Application Security Flaws in the Internet of Things
While we have researched and documented many examples of hardware security issues with IoT devices, the most common source of IoT security flaws lies within the apps that are used to manage them.
In this session we’ll explore and examine the reasons for that, be it commercial pressure, code re-use, or even simple ignorance of the importance and brand benefits of securely coded apps. We’ll also explain and offer advice that applies equally to IoT device manufacturers, app developers and anyone else in the IoT supply chain.
By far the most common source of compromise in our experience is the mobile app that your customer uses to interact with your IoT device. Decompiling the app is usually trivially easy and allows the hacker to understand exactly how your device interacts with the mobile app and then interacts with your online services.

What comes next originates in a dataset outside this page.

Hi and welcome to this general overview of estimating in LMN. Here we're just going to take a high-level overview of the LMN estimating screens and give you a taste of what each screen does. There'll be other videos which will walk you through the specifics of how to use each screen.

The most common flaws we find are:
• Failing to implement SSL or implementing it badly. This can allow the attacker to intercept your customer’s data.
• Using static credentials in the mobile app. Putting a password to your API or any other resource in the mobile app is asking for trouble
• Insecure storage of data in the mobile app. It is perfectly possible to store data safely on a mobile device, it’s just that many mobile app developers don’t.
API / web services
Most mobile apps interact with a web service to send data to servers. Developers and manufacturers often seem to forget that they are publishing their APIs to the public internet. even though you only intended it to interface with your mobile app. This means that anyone who can reverse engineer a mobile app can work out how to interact with those web service.
Critical issues with web services include:
• Failing to enforce strong session management. One user can see another users data
• Not implementing encryption properly. Sounds familiar, doesn’t it!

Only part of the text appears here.